WHAT THIS TASK INVOLVES →
Copy exactly the stretch of data below from the line with "Feb. 11, 2021" through the line with "Pocket Universal Principles", including both of those lines.

SUPPLIED DATA →

------

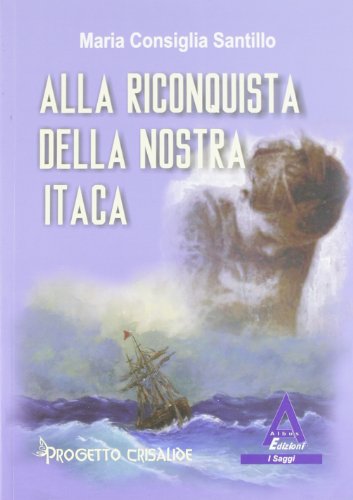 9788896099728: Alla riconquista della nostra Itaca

------

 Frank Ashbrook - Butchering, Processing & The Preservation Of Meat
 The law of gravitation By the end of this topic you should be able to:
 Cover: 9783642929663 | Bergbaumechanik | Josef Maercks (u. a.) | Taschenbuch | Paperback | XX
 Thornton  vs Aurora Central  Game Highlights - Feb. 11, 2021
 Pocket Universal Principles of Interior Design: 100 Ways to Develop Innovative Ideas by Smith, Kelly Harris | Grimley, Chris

------

TASK SOLUTION →
 Thornton  vs Aurora Central  Game Highlights - Feb. 11, 2021
 Pocket Universal Principles of Interior Design: 100 Ways to Develop Innovative Ideas by Smith, Kelly Harris | Grimley, Chris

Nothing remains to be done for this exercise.